デンマークにある「エグモント・ホイスコーレン」という学校で教員をしています。

成人(18歳以上)のための全寮制学校で、生徒約220人のうち約4割が身体障害や知的障害を抱えています。

みんな同じ寮で暮らし、同じ授業を受けます。

校内にプロのヘルパーもいますが、障害がある生徒の介助は主に健常者の生徒が担います。

知的障害者向けのグループホームを経営する父の勧めで、1997年に日本人留学生の1期生として学びました。

学校の第一印象は「なんだここは!」。 

クラスメートに様々な障害を持った生徒がいました。

日本では、障害者は「父の職場にいる人」で、自分とは縁がないと感じていました。

でもエグモントでは同じ食卓に並び、同じ部屋で寝て、いっしょに勉強をしました。 

驚きを感じながらも、同じように、おならをしたりお酒を飲んだりする人たちなんだと実感しました。

エグモントはインクルーシブ教育で有名ですが、マニュアルはありません。

大切なのはその場に合った方法を考え、失敗しても許され、別の方法でチャレンジできる環境です。

例えば、運動が苦手な知的障害のある生徒が、サッカーの授業でボールに追いつけないときは、ルールを何度も変えました。

障害者だから手伝ってあげるという方向ではなく、どうすれば障害者も健常者も力を発揮できるのか考えるのです。

最終的に、障害がある生徒が決めたゴールは5点というルールにすると、みんなが一生懸命、障害がある生徒にボールをパスするようになりました。

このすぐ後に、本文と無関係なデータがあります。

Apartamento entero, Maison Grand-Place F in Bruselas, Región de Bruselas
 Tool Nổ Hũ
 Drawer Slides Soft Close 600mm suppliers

枠組み次第で障害者も健常者もそれぞれの役割を見つけて、楽しむことができるのです。

海外への修学旅行や登山もあります。

普段と違う環境の中、限られた補助器具でどうすれば全員が楽しめるのか。

生徒は試行錯誤を繰り返します。 

デンマークの人は「考えて行動するのではなく、行動しながら考えろ」とよく言います。

エグモントの存在を伝えて、一人でも多くの人が、失敗しても前に進む勇気を持てたらいいなと思います。